La norma regionale impugnata, in sostanza, consente che, per il tramite degli interventi di recupero abitativo dei sottotetti e contestualmente a tali interventi, si possa far transitare – mediante SCIA "ordinaria" – l’unità immobiliare (cui il sottotetto accede) alla categoria funzionale «residenziale». La stessa norma regionale precisa che ciò non può avvenire nei centri storici, per i quali essa impone il permesso di costruire o la "super SCIA", secondo quanto stabilito dal T.U. edilizia.
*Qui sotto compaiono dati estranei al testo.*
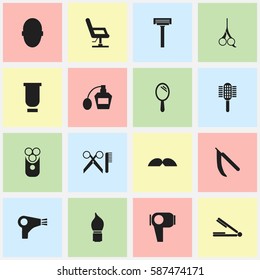 Set Of 16 Editable Barbershop Icons. Includes Symbols Such As Scrub, Container, Hair Drier And More. Can Be Used For Web, Mobile, UI And Infographic Design.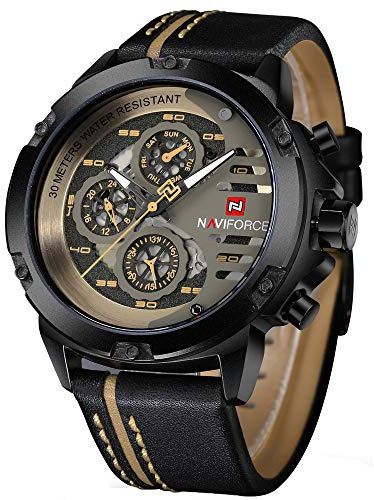 NAVIFORCE Sport Military Watches for Men Waterproof Watch Analog Quartz Leather Band Date Calendar Clock Wristwatch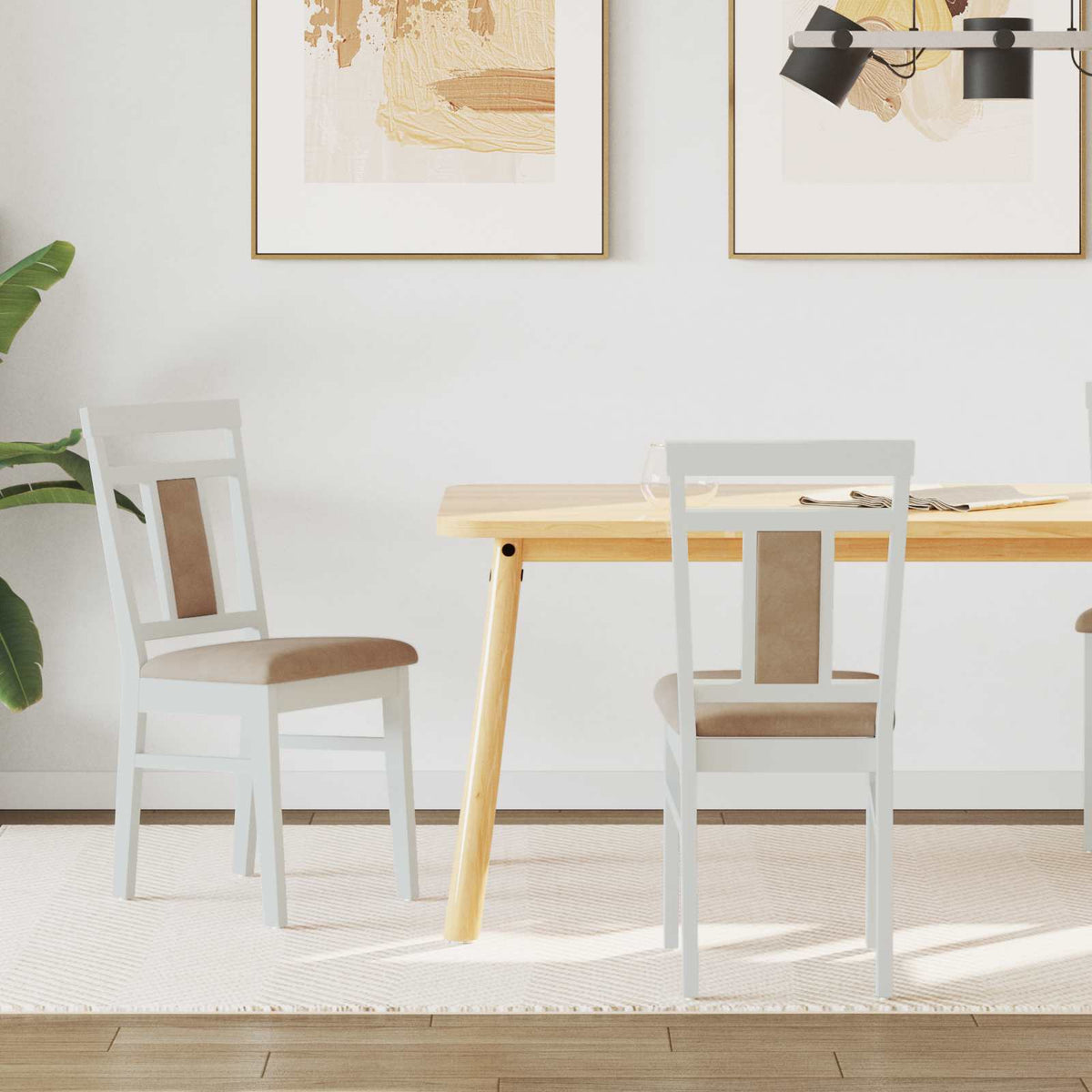 Eetkamerstoel 2 pcs Wit en Bruin Massief Rubberhout is nu te koop bij PeponiXL, paradijselijk wonen!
Ora, l’art. 10, comma 2, T.U. edilizia consente alle Regioni di stabilire «con legge quali mutamenti, connessi o non connessi a trasformazioni fisiche, dell’uso di immobili o di loro parti, sono subordinati a permesso di costruire o a segnalazione certificata di inizio attività»; e ciò fermo il vincolo, stabilito dall’art. 10, comma 1, T.U. edilizia, della necessità del permesso (tra l’altro) per i mutamenti di destinazione d’uso nei centri storici (permesso eventualmente sostituibile con la "super SCIA", ex art. 23, comma 01, lettera a, dello stesso testo unico). La Regione ha fatto uso di tale facoltà. La norma regionale impugnata, dopo aver richiesto il permesso o la "super SCIA" per gli interventi di recupero dei sottotetti da cui possa originare il mutamento di destinazione d’uso per immobili siti nei centri storici [e questo sarebbe indubbiamente un intervento di ristrutturazione “pesante”, ex art. 10, comma 1, lett. c) del Testo Unico. N.d.R] ha stabilito che per gli immobili esterni ai centri storici è sufficiente la SCIA "ordinaria". Il che, in assenza di alterazioni dell’edificio originario tali da costituire interventi di ristrutturazione "pesante", non appare in contrasto con alcun principio fondamentale stabilito dal T.U. edilizia».

In buona sostanza, la regione Toscana ha disciplinato ipotesi diverse di recupero dei sottotetti: per quelle che ricadono nella ristrutturazione pesante (ai sensi della disciplina 4 statale) ha richiesto il P.d.C. o la super SCIA (leggasi, SCIA alternativa), mentre, per quelle che rientrano nella ristrutturazione leggera, ha previsto la SCIA ordinaria.

E La Corte costituzionale – con la citata decisione n. 2/2021 – ha dichiarato la piena legittimità di siffatta previsione, proprio perché la SCIA ordinaria – ripetesi – «in assenza di alterazioni dell’edificio originario tali da costituire interventi di ristrutturazione "pesante", non appare in contrasto con alcun principio fondamentale stabilito dal T.U. edilizia».

Quest’ultimo inciso pare francamente quello più rilevante: non si rinviene nel T.U.E. alcun principio fondamentale che possa far ricondurre automaticamente il recupero di un sottotetto nella categoria della “ristrutturazione pesante”, ma ogni caso va valutato a sé, giusta la definizione contenuta nel più volte citato art. 10, comma 1, lett. c) del T.U. Edilizia e i requisiti ivi contemplati.

Se ne dovrebbe concludere quanto segue:

     se un determinato intervento di recupero del sottotetto è concretamente ascrivibile ad una ristrutturazione edilizia “pesante”, richiederà il P.d.C. o la SCIA alternativa;

     se, invece, non ricade nelle ipotesi elencate dall’art. 10, comma 1, lett. c) del Testo Unico, si tratterà allora di un intervento di ristrutturazione edilizia “leggera” e – come tale – sarà perfettamente assentibile con SCIA ordinaria.

In definitiva, ad avviso dello scrivente, la sentenza della Corte costituzionale n. 54/2021 non ha ricondotto in automatico tutti gli interventi di recupero dei sottotetti alla ristrutturazione “pesante”, ma ha semplicemente sgomberato il campo da una norma regionale dubbia, rinviando sic et simpliciter alla normativa statale e a tutti i titoli abilitativi edilizi ivi previsti e disciplinati. Spetterà, poi, all’interprete, di volta in volta, ricondurre il singolo intervento alla categoria corretta e scegliere il titolo di conseguenza.